Good things come in double doses - and so do films.
The heartrending story of the massacre in Nanjing shortly after it fell to Japanese occupation in late 1937, commonly known as "the rape of Nanking", is the subject of two movies, which almost by acquiescence, are premiering one week apart.
Lu Chuan's City of Life and Death (Nanjing Nanjing) gives a panoramic view of the atrocities and the rescue, from three different perspectives. The first tells the story of the soldiers, whose failed defense of the city led to the horror of rampant execution-style killings at the hands of the Japanese. The second gives the most poignant account of the civilian survivors and those who risked their lives to save them. The third is about the redemption of one Japanese soldier, who manages to retain a semblance of human decency despite all the cruelties around him.
The Sino-German co-production John Rabe is a biopic focusing on the most important of the rescuers.
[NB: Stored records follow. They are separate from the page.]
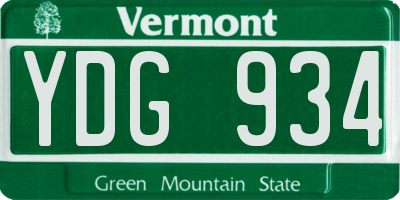 VT license plate YDG934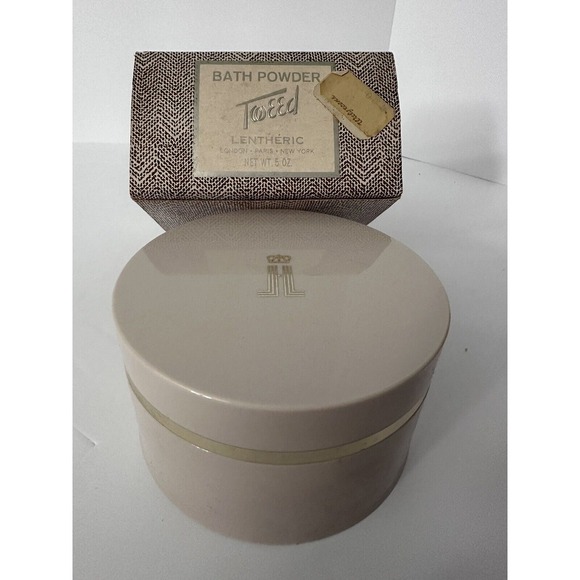 TWEED 1950s bath powder box Lentheric mid century modern MOD VINTAGE PACKAGING - Picture 1 of 11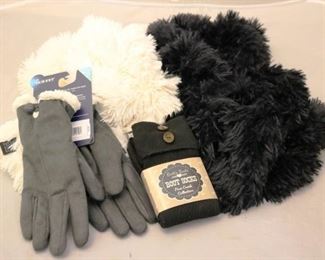 188a - Two Fluffly Scarves, Boot Socs & Isotoner Gloves gloves - size s/m
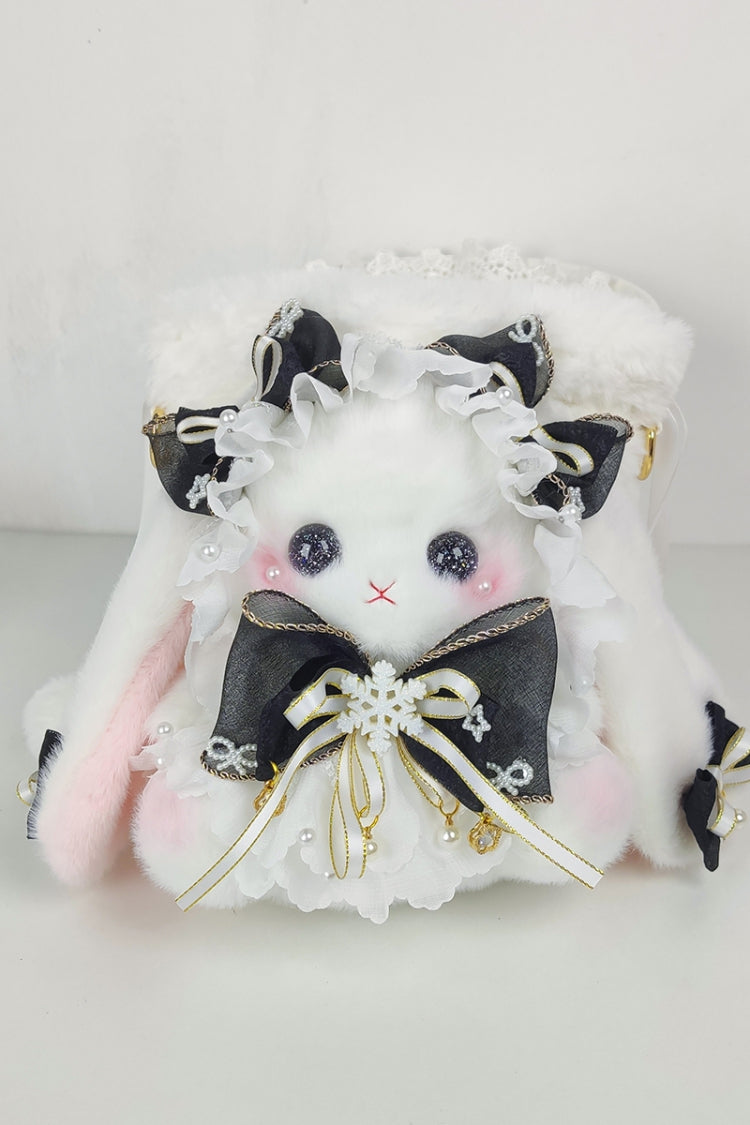 Drawstring Crossbody Bowknot Sweet Lolita Bucket Bunny Small Bag 10 Colors - Black - 8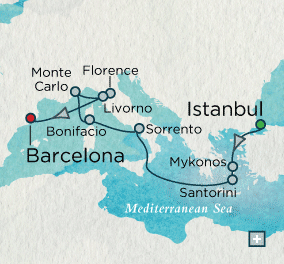 Cruises Around The World Mediterranean Magic Map Ancient cities on the cutting edge of style and design...legendary beaches renowned for their jet-set glamour...and the Grand Prix of Monte Carlo.
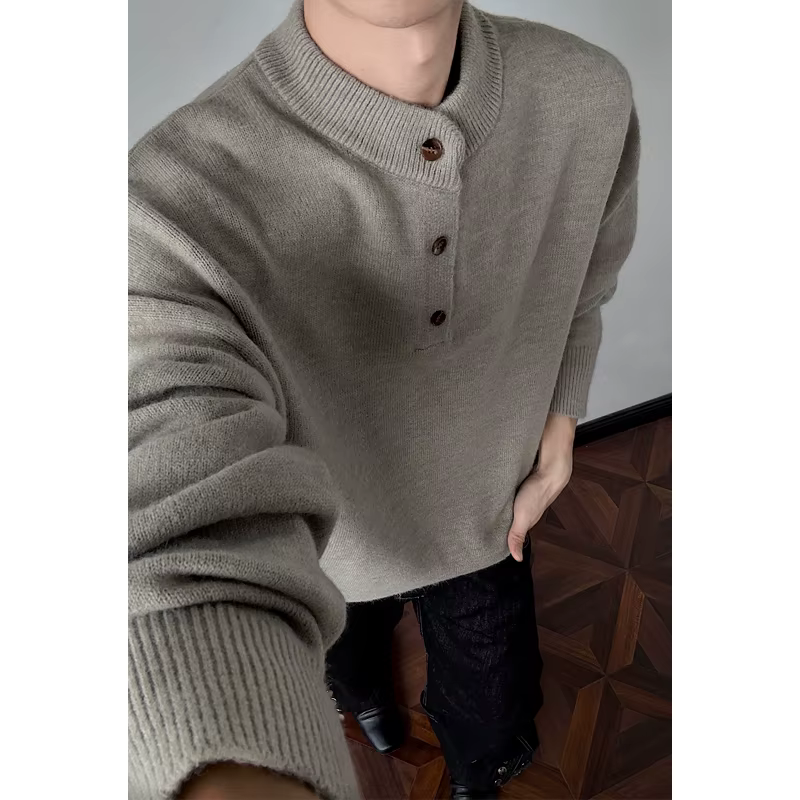 Pull en maille à col rond classique pour homme, couleur unie, pull-over, printemps, automne, streetwear décontracté, haut, M-XXXL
John Rabe was the director of electronics company Siemens, Nanjing, a Nazi and supporter of Hitler. As the incidents unfold, he is thrust into the storm of history. Together with a small group of expatriates, he sets up a refugee zone, which ended up protecting as many as 200,000 people. Simply put, Rabe was the Oskar Schindler of the incident.
The diaries Rabe left behind are a major testament to unspeakable brutalities in the winter of 1937. Sadly, the movie seems to be obsessed with Hitler - there are so many mentions of the Fuhrer's name you could be forgiven for thinking the incident happened in Berlin. Rabe's association with the Nazis is over-emphasized, while his heroism is understated. During the second half of the movie, much of the action is pushed to the background. Some melodramatic details were invented to fill the void but real events were strangely bypassed. Moreover, the lengthy end credits make no mention of the donation drive organized by Nanjing citizens in the aftermath of the war to help out a newly impoverished Rabe, their savior, while the last scene depicting his departure looks like a poorly staged propaganda show, every bystander with over-the-top expressions.